* [Aim of the exercise]:
In your copy, leave out the pictures and reproduce the listing below exactly.

━━ Supplied data

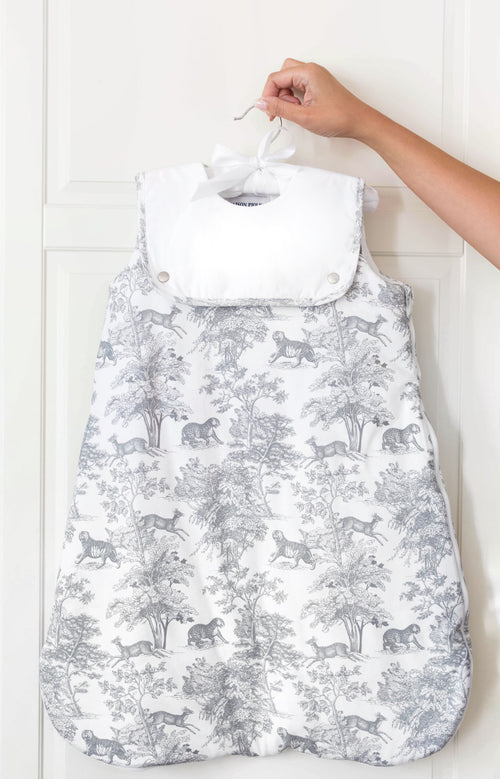 La Romantique - Gigoteuse Mixte - Inspiration Toile De Jouy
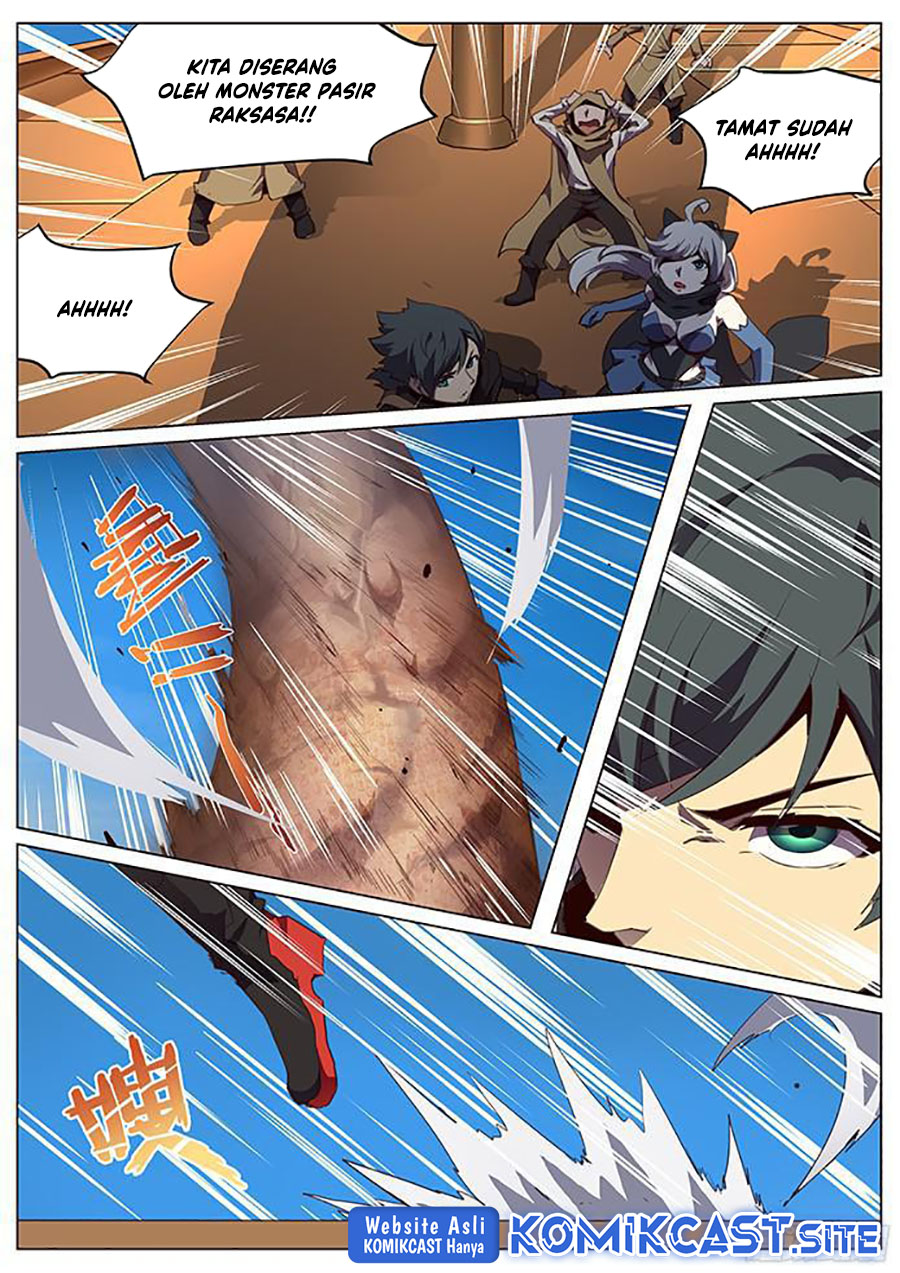 Girl and Science chapter 96 halaman 6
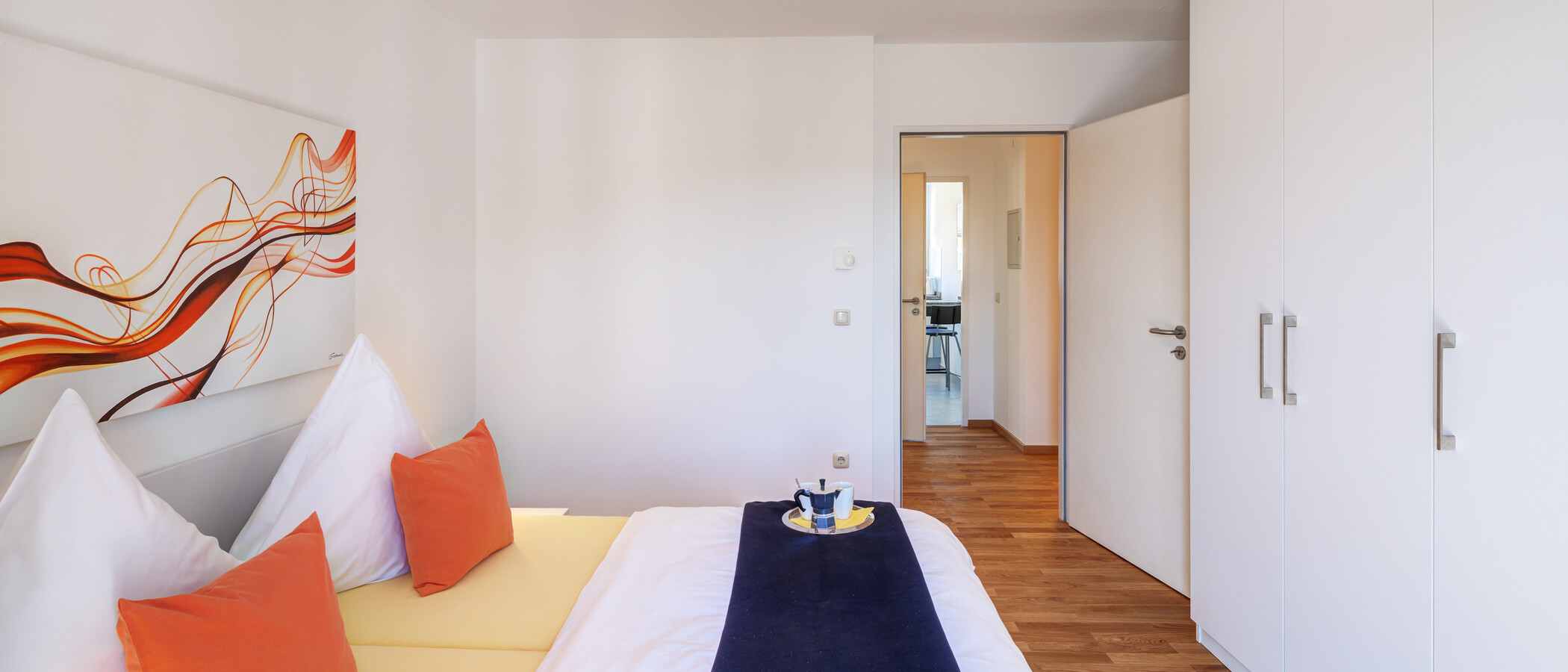 Wohnung München Maxvorstadt - Museumsviertel 03 1. Schlafzimmer 2248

━━━━

* [Answer box]:
 La Romantique - Gigoteuse Mixte - Inspiration Toile De Jouy
 Girl and Science chapter 96 halaman 6
 Wohnung München Maxvorstadt - Museumsviertel 03 1. Schlafzimmer 2248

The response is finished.